Bruce Hollingsworth had a great quote in his part, “People need incentives to provide accurate data.”  Yeah.  Tell me about it.  In transcriptomics it’s been a mantra for years that “Garbage in, garbage out,” in terms of incoming biological sample integrity and resulting data quality.  From what I saw, the data you can get trying to measure Global Health is maybe even noisier than the kinds of data that I normally deal with.  My main conjecture for why all hope is not lost due to data quality in Global Health is that GH researchers are able to bias the indicators they sample towards things with (hopefully) real meaning, else they would be adrift in a sea of not very useful data.  Maybe they feel that way anyway?  Bruce also made the point that there are external factors, again, which influence health.  Even people who know where to go for the best treatment may not because the facility is too far away.  Location, location, location.

Speaking of garbage (but not in a bad way), David Phillip‘s talk later that day referred to the problem of trying to extract useful data out of vital health records full of things like garbage codes.  That is, causes of death that are supremely unhelpful from a public health perspective, such as (I’m exaggerating here) death by lack of life.  His work on extracting useful proportions from this data based on the overall data distribution reminded me of imputation techniques that are used in genomics.

There were many more engaging talks, and I also had great conversations at lunch with different people. I suppose I shouldn’t be surprised by the similarities.  I think many research fields these days are converging on a similar emphasis on big data, analytics, efficacy, and finding the right metrics.  I also appreciated the long view shown by so many of these programs.  One of the drawbacks of private industry is the prevalence, often, of the short term view.  I could wish we had the decades-long commitment shown by various Global Health initiatives.
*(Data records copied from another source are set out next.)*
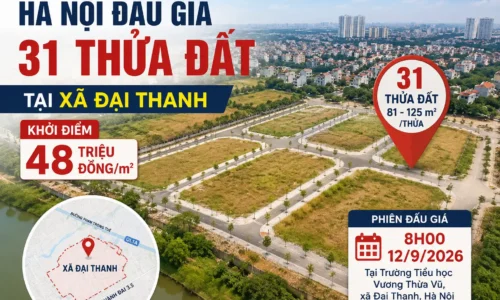 dat dau gia tai xa thanh tri nam 2026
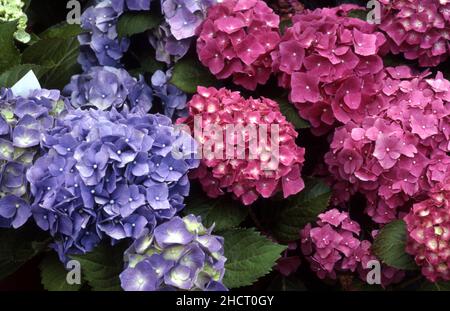 PINK AND PALE MAUVE HYDRANGEA MACROPHYLLA FLOWERHEADS IN FULL BLOOM. Stock Photo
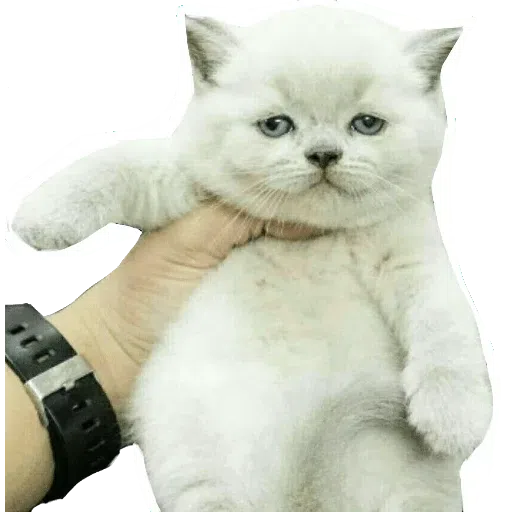 cat - Sticker 28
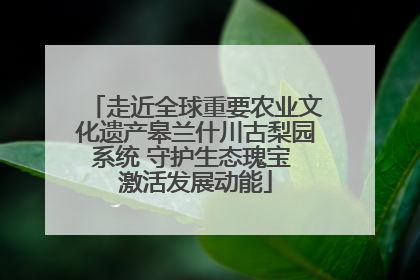 走近全球重要农业文化遗产皋兰什川古梨园系统 守护生态瑰宝 激活发展动能
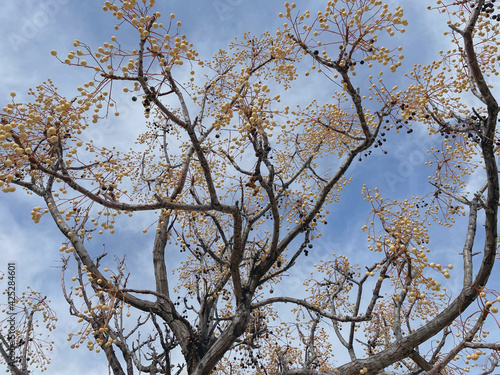 Melia azedarach tree
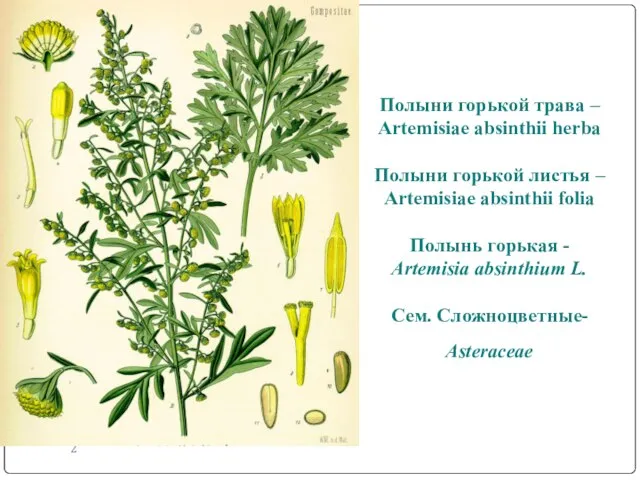 Полыни горькой трава – Artemisiae absinthii herba Полыни горькой листья –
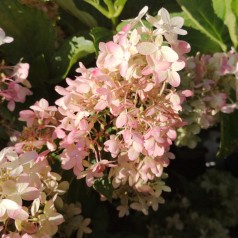 Hydrangea paniculata Pinkachu - Træagtig Hortensia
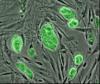 Cellules souches embryonnaires de souris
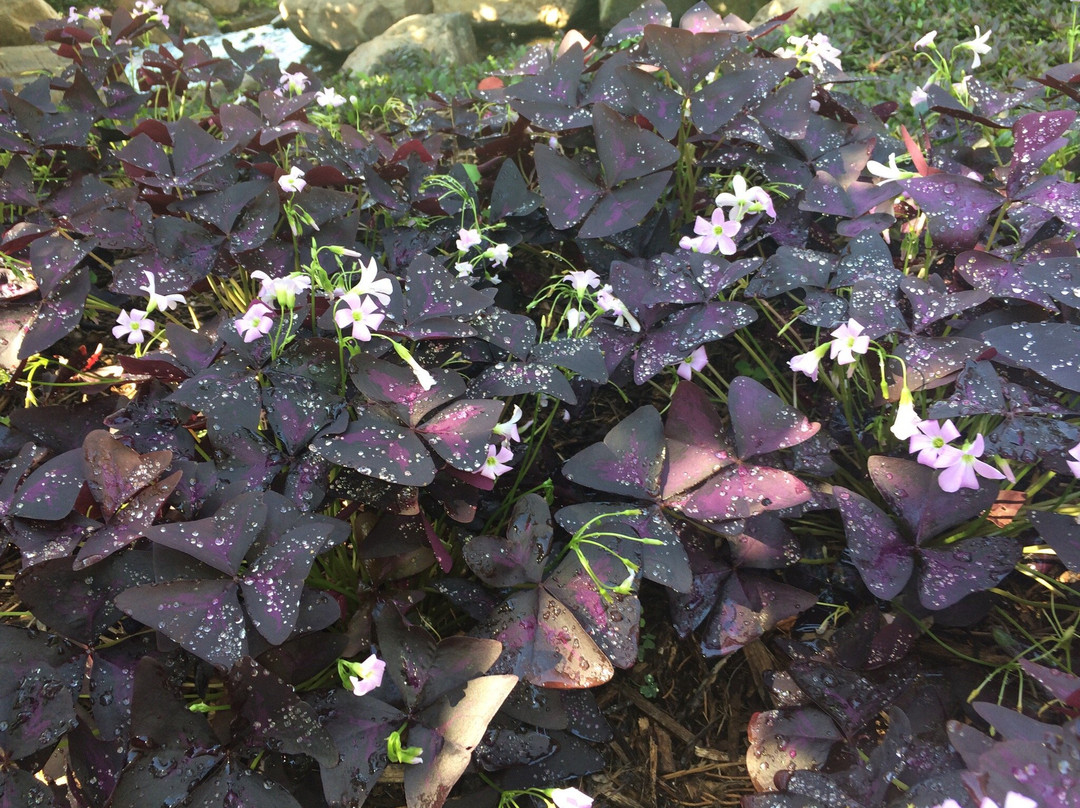 Tulsa Garden Center at Woodward Park-塔尔萨必去景点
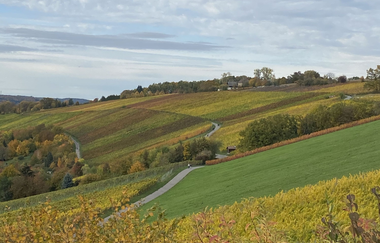 Kuhberg - Schänke | Bachenau | Gundelsheim | © Weinbau Mühlbeyer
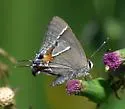 Martial Scrub Hairstreak - Hodges#4340 - photo 5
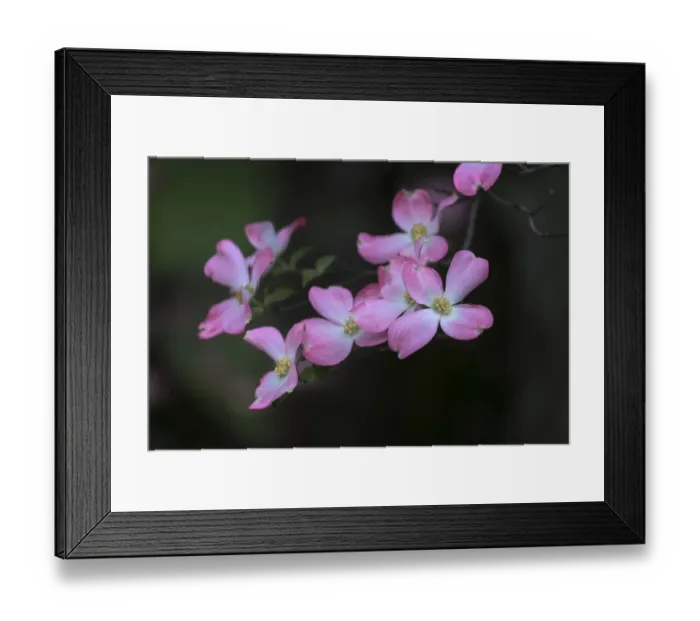 Framed Print : Dogwood trees in full bloom, Lexington. Kentucky Framed Print : Dogwood trees in full bloom, Lexington. Kentucky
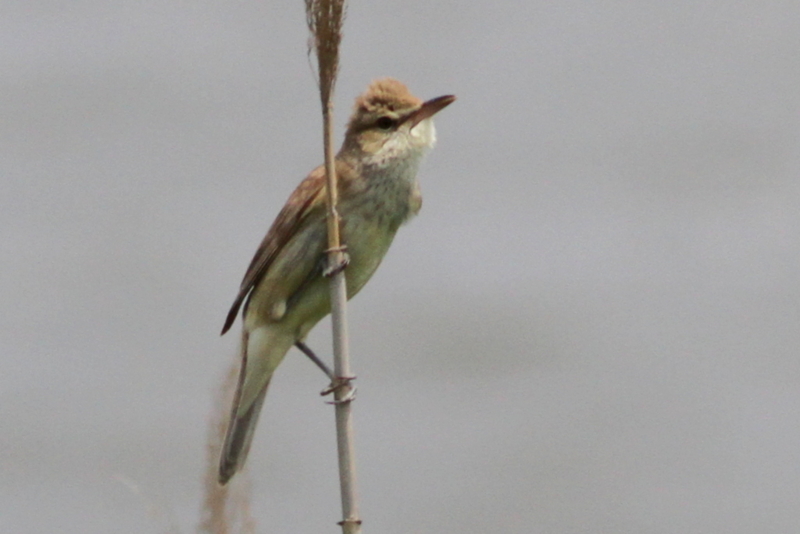 f:id:digibirds:20130529190653j:image f:id:digibirds:20130529190653j:image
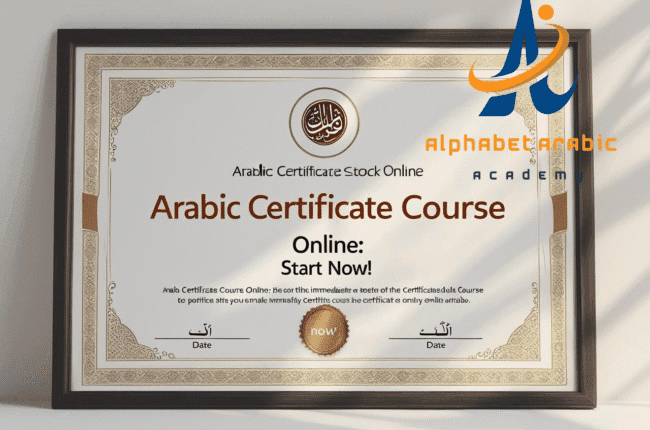 تصميم بدون عنوان 2025 08 25T043515439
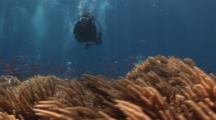 Scuba Divers And Anthias Over Reef Covered In Spaghetti Finger Leather Coral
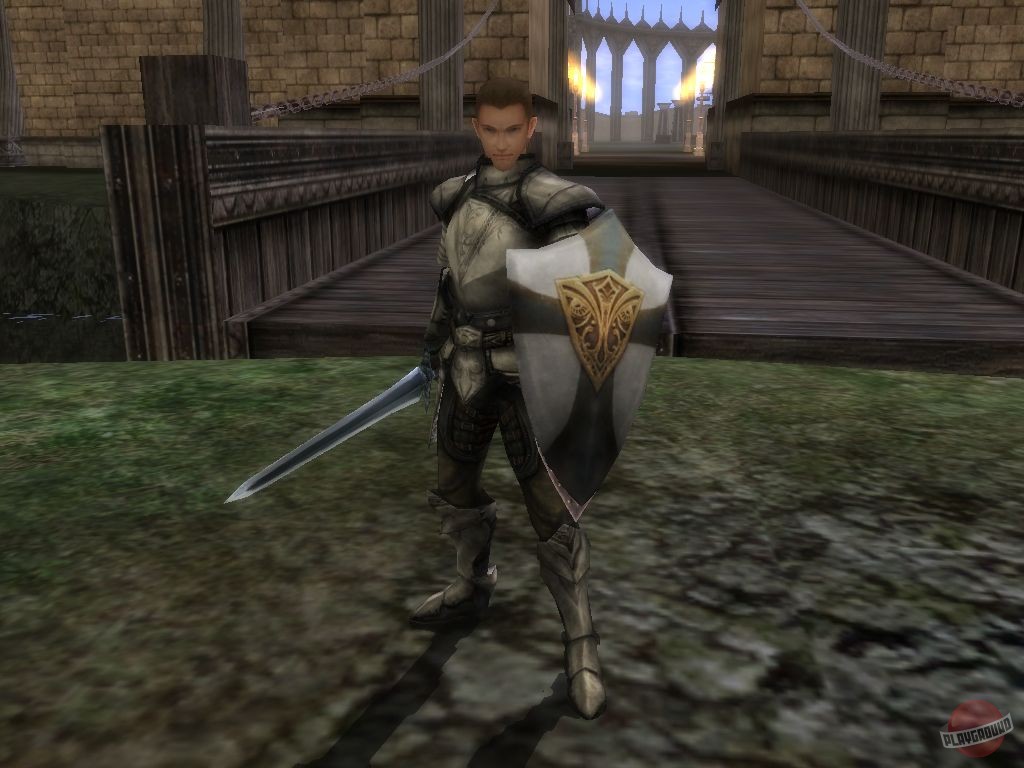 Скриншот из игры Last Chaos - 14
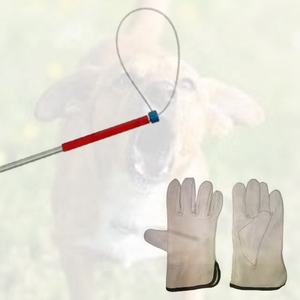 Poteau de Contrainte Professionnel en Acier Inoxydable pour Animaux à Bas Prix - Product Image 4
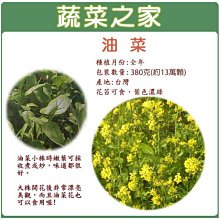 【蔬菜之家滿額免運00A16】大包裝.油菜種子380克(約13萬顆)(蔬菜種子)※此商品運費請選宅配※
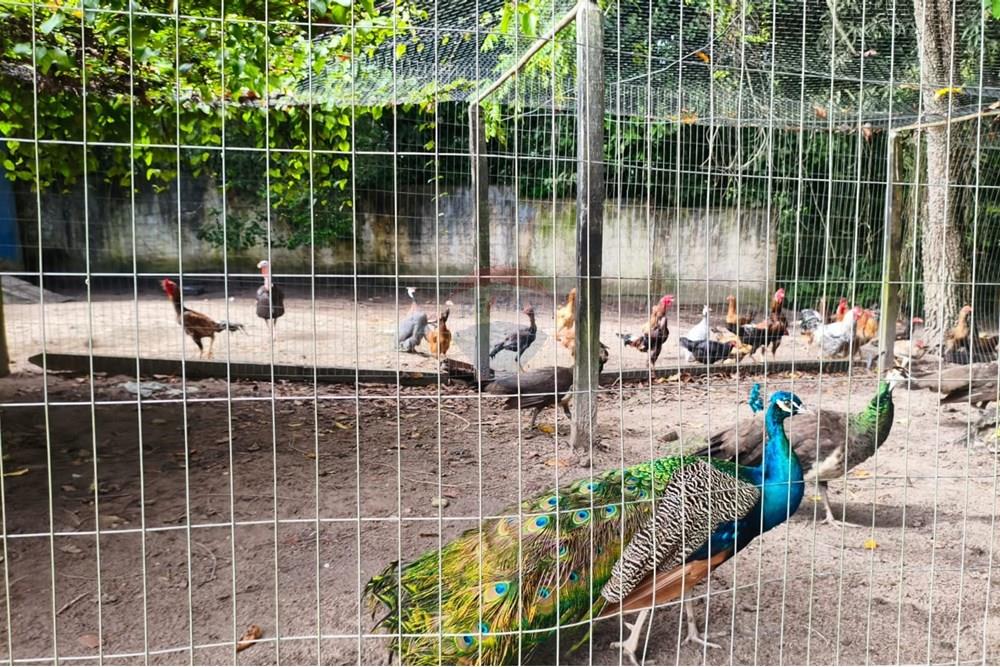 Terreno - Venda - Conde , Paraíba - WhatsApp Image 2025-10-30 at 15.08.23.jpeg - 720871047-16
The aspect I find daunting in Global Health is how much uncertainty that community is dealing with, which greatly affects efficacy and efficiency.  An intervention might be exactly the right one when viewed in isolation, but can be so easily derailed by external factors.  Like biology, like baseball, it seems the key thing is to find the metrics that at least tell you that you made the change you hoped for, with the understanding that what happens at the end is so often, unfortunately, out of our control.